**YOUR INSTRUCTIONS**
Every record, from first to last, should be retyped word for word.

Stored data
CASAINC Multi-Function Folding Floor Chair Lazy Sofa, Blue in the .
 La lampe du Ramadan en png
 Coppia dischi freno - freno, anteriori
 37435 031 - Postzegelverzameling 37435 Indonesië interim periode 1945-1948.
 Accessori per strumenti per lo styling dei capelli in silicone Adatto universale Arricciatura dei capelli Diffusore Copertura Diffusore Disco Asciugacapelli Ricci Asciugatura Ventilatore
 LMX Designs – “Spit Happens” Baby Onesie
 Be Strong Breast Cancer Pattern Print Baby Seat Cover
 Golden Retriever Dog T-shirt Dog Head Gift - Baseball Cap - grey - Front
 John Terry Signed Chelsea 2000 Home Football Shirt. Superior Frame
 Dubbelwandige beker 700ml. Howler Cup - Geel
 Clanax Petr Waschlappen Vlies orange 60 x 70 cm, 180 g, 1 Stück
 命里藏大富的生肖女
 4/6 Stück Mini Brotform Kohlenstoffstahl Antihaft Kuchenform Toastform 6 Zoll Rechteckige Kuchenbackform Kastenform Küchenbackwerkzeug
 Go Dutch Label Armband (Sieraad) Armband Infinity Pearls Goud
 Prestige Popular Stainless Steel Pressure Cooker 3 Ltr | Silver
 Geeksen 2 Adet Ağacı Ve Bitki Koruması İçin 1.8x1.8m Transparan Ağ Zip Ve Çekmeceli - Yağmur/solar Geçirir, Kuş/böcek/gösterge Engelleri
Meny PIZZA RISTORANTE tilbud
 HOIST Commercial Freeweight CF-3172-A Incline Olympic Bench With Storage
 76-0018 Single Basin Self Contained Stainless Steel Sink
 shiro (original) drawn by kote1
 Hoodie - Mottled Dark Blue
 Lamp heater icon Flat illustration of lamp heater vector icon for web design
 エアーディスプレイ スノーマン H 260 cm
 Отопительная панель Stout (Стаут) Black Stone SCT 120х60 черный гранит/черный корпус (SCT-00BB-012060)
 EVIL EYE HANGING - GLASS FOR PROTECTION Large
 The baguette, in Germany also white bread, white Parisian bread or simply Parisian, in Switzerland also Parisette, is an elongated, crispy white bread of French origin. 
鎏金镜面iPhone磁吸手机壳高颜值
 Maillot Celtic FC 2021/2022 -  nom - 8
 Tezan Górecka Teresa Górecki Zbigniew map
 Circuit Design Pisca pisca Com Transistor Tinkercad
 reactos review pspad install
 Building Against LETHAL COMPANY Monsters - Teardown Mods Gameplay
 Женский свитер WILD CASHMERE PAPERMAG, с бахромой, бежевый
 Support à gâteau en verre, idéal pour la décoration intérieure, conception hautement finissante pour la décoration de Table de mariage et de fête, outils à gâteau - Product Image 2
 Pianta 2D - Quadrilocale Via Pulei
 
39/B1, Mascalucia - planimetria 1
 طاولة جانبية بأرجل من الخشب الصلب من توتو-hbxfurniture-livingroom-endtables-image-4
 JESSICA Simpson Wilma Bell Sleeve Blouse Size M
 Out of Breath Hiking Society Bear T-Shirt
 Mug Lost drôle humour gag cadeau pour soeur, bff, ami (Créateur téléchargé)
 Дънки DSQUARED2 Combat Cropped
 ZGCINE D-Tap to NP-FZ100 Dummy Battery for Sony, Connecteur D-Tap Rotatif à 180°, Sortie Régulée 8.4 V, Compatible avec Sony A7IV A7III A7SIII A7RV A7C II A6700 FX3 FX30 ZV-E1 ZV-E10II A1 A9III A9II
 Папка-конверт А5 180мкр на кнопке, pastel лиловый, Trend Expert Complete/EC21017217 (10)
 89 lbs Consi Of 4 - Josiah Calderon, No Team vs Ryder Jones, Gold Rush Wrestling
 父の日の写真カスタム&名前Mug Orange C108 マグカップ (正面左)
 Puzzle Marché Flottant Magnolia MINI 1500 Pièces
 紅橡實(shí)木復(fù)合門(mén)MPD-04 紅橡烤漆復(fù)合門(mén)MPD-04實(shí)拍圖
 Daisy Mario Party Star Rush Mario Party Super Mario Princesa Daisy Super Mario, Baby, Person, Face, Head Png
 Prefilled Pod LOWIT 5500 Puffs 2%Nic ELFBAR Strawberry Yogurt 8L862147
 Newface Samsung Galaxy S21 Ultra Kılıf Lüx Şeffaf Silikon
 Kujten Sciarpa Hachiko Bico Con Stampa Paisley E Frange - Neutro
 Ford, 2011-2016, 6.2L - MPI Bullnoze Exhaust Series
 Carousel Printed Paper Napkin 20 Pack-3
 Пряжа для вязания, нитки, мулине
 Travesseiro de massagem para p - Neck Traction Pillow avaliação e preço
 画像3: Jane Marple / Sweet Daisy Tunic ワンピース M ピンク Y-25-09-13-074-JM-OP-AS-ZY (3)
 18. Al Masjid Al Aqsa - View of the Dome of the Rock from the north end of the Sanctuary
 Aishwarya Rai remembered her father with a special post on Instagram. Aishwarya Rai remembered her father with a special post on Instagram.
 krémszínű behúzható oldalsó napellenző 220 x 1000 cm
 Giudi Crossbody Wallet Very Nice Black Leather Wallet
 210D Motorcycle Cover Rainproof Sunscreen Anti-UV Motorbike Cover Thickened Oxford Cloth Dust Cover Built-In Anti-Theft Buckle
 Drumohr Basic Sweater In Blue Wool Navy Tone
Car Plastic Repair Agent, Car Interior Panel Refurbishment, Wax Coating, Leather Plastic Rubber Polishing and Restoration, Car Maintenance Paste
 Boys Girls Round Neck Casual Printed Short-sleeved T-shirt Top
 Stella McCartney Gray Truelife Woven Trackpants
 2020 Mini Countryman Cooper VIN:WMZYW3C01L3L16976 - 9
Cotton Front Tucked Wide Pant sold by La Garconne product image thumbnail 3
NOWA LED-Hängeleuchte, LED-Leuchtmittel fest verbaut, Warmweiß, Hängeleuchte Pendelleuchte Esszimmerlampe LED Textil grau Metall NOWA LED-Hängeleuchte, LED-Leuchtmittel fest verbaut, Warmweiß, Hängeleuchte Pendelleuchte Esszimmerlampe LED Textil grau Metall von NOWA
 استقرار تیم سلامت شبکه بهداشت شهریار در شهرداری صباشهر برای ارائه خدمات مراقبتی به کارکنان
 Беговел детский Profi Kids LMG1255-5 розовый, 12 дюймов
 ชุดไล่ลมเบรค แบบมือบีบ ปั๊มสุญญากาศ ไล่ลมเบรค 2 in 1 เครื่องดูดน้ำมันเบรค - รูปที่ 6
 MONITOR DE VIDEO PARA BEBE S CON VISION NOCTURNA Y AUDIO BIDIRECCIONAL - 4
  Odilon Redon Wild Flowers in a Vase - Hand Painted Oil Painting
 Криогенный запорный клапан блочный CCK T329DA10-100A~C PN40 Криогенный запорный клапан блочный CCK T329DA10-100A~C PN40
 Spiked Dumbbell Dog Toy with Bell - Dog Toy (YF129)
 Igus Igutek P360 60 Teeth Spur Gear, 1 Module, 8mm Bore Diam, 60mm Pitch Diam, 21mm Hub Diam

**ANSWER TO THIS EXERCISE**
CASAINC Multi-Function Folding Floor Chair Lazy Sofa, Blue in the .
 La lampe du Ramadan en png
 Coppia dischi freno - freno, anteriori
 37435 031 - Postzegelverzameling 37435 Indonesië interim periode 1945-1948.
 Accessori per strumenti per lo styling dei capelli in silicone Adatto universale Arricciatura dei capelli Diffusore Copertura Diffusore Disco Asciugacapelli Ricci Asciugatura Ventilatore
 LMX Designs – “Spit Happens” Baby Onesie
 Be Strong Breast Cancer Pattern Print Baby Seat Cover
 Golden Retriever Dog T-shirt Dog Head Gift - Baseball Cap - grey - Front
 John Terry Signed Chelsea 2000 Home Football Shirt. Superior Frame
 Dubbelwandige beker 700ml. Howler Cup - Geel
 Clanax Petr Waschlappen Vlies orange 60 x 70 cm, 180 g, 1 Stück
 命里藏大富的生肖女
 4/6 Stück Mini Brotform Kohlenstoffstahl Antihaft Kuchenform Toastform 6 Zoll Rechteckige Kuchenbackform Kastenform Küchenbackwerkzeug
 Go Dutch Label Armband (Sieraad) Armband Infinity Pearls Goud
 Prestige Popular Stainless Steel Pressure Cooker 3 Ltr | Silver
 Geeksen 2 Adet Ağacı Ve Bitki Koruması İçin 1.8x1.8m Transparan Ağ Zip Ve Çekmeceli - Yağmur/solar Geçirir, Kuş/böcek/gösterge Engelleri
Meny PIZZA RISTORANTE tilbud
 HOIST Commercial Freeweight CF-3172-A Incline Olympic Bench With Storage
 76-0018 Single Basin Self Contained Stainless Steel Sink
 shiro (original) drawn by kote1
 Hoodie - Mottled Dark Blue
 Lamp heater icon Flat illustration of lamp heater vector icon for web design
 エアーディスプレイ スノーマン H 260 cm
 Отопительная панель Stout (Стаут) Black Stone SCT 120х60 черный гранит/черный корпус (SCT-00BB-012060)
 EVIL EYE HANGING - GLASS FOR PROTECTION Large
 The baguette, in Germany also white bread, white Parisian bread or simply Parisian, in Switzerland also Parisette, is an elongated, crispy white bread of French origin. 
鎏金镜面iPhone磁吸手机壳高颜值
 Maillot Celtic FC 2021/2022 -  nom - 8
 Tezan Górecka Teresa Górecki Zbigniew map
 Circuit Design Pisca pisca Com Transistor Tinkercad
 reactos review pspad install
 Building Against LETHAL COMPANY Monsters - Teardown Mods Gameplay
 Женский свитер WILD CASHMERE PAPERMAG, с бахромой, бежевый
 Support à gâteau en verre, idéal pour la décoration intérieure, conception hautement finissante pour la décoration de Table de mariage et de fête, outils à gâteau - Product Image 2
 Pianta 2D - Quadrilocale Via Pulei
 
39/B1, Mascalucia - planimetria 1
 طاولة جانبية بأرجل من الخشب الصلب من توتو-hbxfurniture-livingroom-endtables-image-4
 JESSICA Simpson Wilma Bell Sleeve Blouse Size M
 Out of Breath Hiking Society Bear T-Shirt
 Mug Lost drôle humour gag cadeau pour soeur, bff, ami (Créateur téléchargé)
 Дънки DSQUARED2 Combat Cropped
 ZGCINE D-Tap to NP-FZ100 Dummy Battery for Sony, Connecteur D-Tap Rotatif à 180°, Sortie Régulée 8.4 V, Compatible avec Sony A7IV A7III A7SIII A7RV A7C II A6700 FX3 FX30 ZV-E1 ZV-E10II A1 A9III A9II
 Папка-конверт А5 180мкр на кнопке, pastel лиловый, Trend Expert Complete/EC21017217 (10)
 89 lbs Consi Of 4 - Josiah Calderon, No Team vs Ryder Jones, Gold Rush Wrestling
 父の日の写真カスタム&名前Mug Orange C108 マグカップ (正面左)
 Puzzle Marché Flottant Magnolia MINI 1500 Pièces
 紅橡實(shí)木復(fù)合門(mén)MPD-04 紅橡烤漆復(fù)合門(mén)MPD-04實(shí)拍圖
 Daisy Mario Party Star Rush Mario Party Super Mario Princesa Daisy Super Mario, Baby, Person, Face, Head Png
 Prefilled Pod LOWIT 5500 Puffs 2%Nic ELFBAR Strawberry Yogurt 8L862147
 Newface Samsung Galaxy S21 Ultra Kılıf Lüx Şeffaf Silikon
 Kujten Sciarpa Hachiko Bico Con Stampa Paisley E Frange - Neutro
 Ford, 2011-2016, 6.2L - MPI Bullnoze Exhaust Series
 Carousel Printed Paper Napkin 20 Pack-3
 Пряжа для вязания, нитки, мулине
 Travesseiro de massagem para p - Neck Traction Pillow avaliação e preço
 画像3: Jane Marple / Sweet Daisy Tunic ワンピース M ピンク Y-25-09-13-074-JM-OP-AS-ZY (3)
 18. Al Masjid Al Aqsa - View of the Dome of the Rock from the north end of the Sanctuary
 Aishwarya Rai remembered her father with a special post on Instagram. Aishwarya Rai remembered her father with a special post on Instagram.
 krémszínű behúzható oldalsó napellenző 220 x 1000 cm
 Giudi Crossbody Wallet Very Nice Black Leather Wallet
 210D Motorcycle Cover Rainproof Sunscreen Anti-UV Motorbike Cover Thickened Oxford Cloth Dust Cover Built-In Anti-Theft Buckle
 Drumohr Basic Sweater In Blue Wool Navy Tone
Car Plastic Repair Agent, Car Interior Panel Refurbishment, Wax Coating, Leather Plastic Rubber Polishing and Restoration, Car Maintenance Paste
 Boys Girls Round Neck Casual Printed Short-sleeved T-shirt Top
 Stella McCartney Gray Truelife Woven Trackpants
 2020 Mini Countryman Cooper VIN:WMZYW3C01L3L16976 - 9
Cotton Front Tucked Wide Pant sold by La Garconne product image thumbnail 3
NOWA LED-Hängeleuchte, LED-Leuchtmittel fest verbaut, Warmweiß, Hängeleuchte Pendelleuchte Esszimmerlampe LED Textil grau Metall NOWA LED-Hängeleuchte, LED-Leuchtmittel fest verbaut, Warmweiß, Hängeleuchte Pendelleuchte Esszimmerlampe LED Textil grau Metall von NOWA
 استقرار تیم سلامت شبکه بهداشت شهریار در شهرداری صباشهر برای ارائه خدمات مراقبتی به کارکنان
 Беговел детский Profi Kids LMG1255-5 розовый, 12 дюймов
 ชุดไล่ลมเบรค แบบมือบีบ ปั๊มสุญญากาศ ไล่ลมเบรค 2 in 1 เครื่องดูดน้ำมันเบรค - รูปที่ 6
 MONITOR DE VIDEO PARA BEBE S CON VISION NOCTURNA Y AUDIO BIDIRECCIONAL - 4
  Odilon Redon Wild Flowers in a Vase - Hand Painted Oil Painting
 Криогенный запорный клапан блочный CCK T329DA10-100A~C PN40 Криогенный запорный клапан блочный CCK T329DA10-100A~C PN40
 Spiked Dumbbell Dog Toy with Bell - Dog Toy (YF129)
 Igus Igutek P360 60 Teeth Spur Gear, 1 Module, 8mm Bore Diam, 60mm Pitch Diam, 21mm Hub Diam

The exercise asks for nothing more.